Opinion
No. 8215.
November 10, 1936. Rehearing Denied December 12, 1936.
Appeal from the District Court of the United States for the Southern District of Florida; Alexander Akerman, Judge.
Proceeding in the matter of the application of J. Roy Pennell for the appointment of a receiver for the Williams Holding Company and others. From an ex parte order appointing temporary receivers, the Williams Holding Company and others appeal.
Reversed and remanded, with directions.
R.F. Maguire, H.M. Voorhis, J.R. Wells and Edward K. Goethe, all of Orlando, Fla., for appellants.
Herschel O. Moats, J. Thos. Gurney, and Le Roy B. Giles, all of Orlando, Fla., and C.C. Wyche and Donald Russell, both of Spartanburg, S.C., for appellee.
Before FOSTER, HUTCHESON, and HOLMES, Circuit Judges.
This is an appeal from an ex parte order appointing temporary receivers. Appellee has filed a motion to dismiss the appeal. His ground is that the order appointing receivers ex parte, and not after hearing, was not an appealable one.

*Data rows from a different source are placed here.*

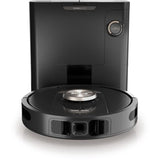 Shark PowerDetect RV2820VEEU - Robot Aspirateur a vidage automatique avec navigation 3D et LiDAR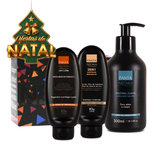 Natal NEOskin - Cuidado Diário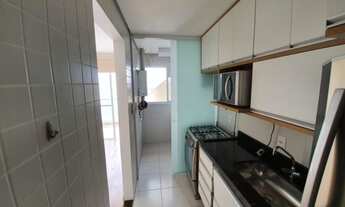 Imagem 5: COBERTURA 2 DORMS, 105 M² em PINHEIROS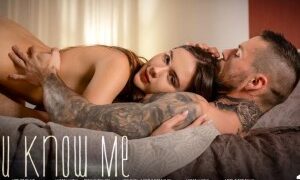 Vixi Rafi – You Know Me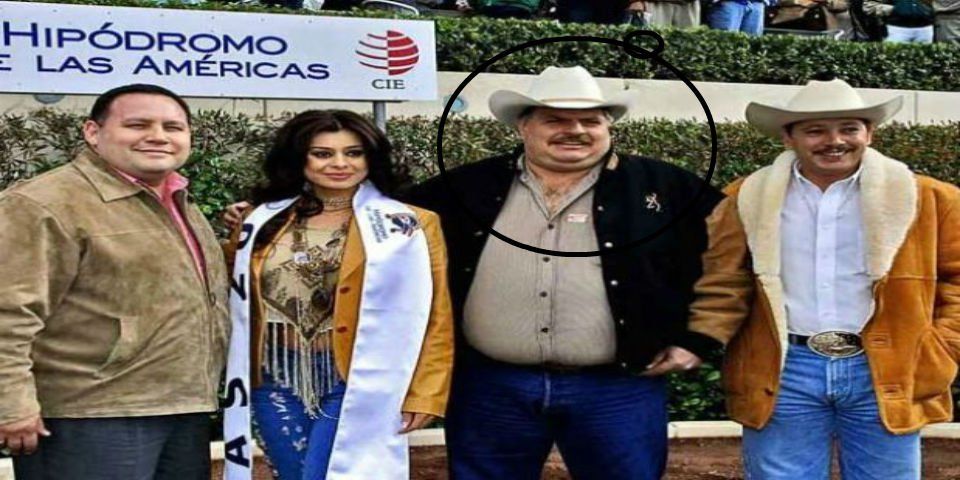 Revocación de condena a ‘Pancho’ Colorado Revocación de condena a ‘Pancho’ Colorado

Appellants, on the authority of our case, Marion Mortg. Co. v. Edmunds, 64 F.2d 248, insist that though entered ex parte, the order was not a mere preliminary, non-appealable one, but one which makes no provision for a specific time and place for a hearing and does not provide that it is to continue in force until the time set, and is therefore appealable. Appellee replies that though no specific time is set for the hearing, provision is made in the order for a hearing within 30 days, and appellants, within that time did file their motion to dissolve, which motion is still pending undisposed of.
While the matter is not free from doubt, we think that in view of the sweeping character of the order and the fact that the hearing provided for in it is not a hearing upon whether the order shall be continued in force, but upon whether the appointment shall be dissolved, the order is an appealable one. The motion to dismiss is therefore denied.
When, however, the appeal is considered in the light of the reversals in Hamer v. Pennell (C.C.A.) 86 F.2d 227, of the judgments on which the bill and order for the receivers was based, we think it clear that their appointment should be vacated. With those judgments in force, plaintiff had a right to apply for and the allegations of its bill were sufficient to entitle it to the appointment of temporary receivers pending a hearing. Without those judgments, appellee, a simple contract creditor, has no standing to apply for a receiver. Pusey Jones Co. v. Hanssen, 261 U.S. 491, 43 S.Ct. 454, 67 L.Ed. 763. Those judgments were on appeal, their validity actively questioned when the receivership was applied for. Appellee applied for it at his peril; the judgments fallen, the receivership falls too.
The order appointing receivers is therefore reversed, and the cause is remanded, with directions to discharge the receivers and dismiss the bill.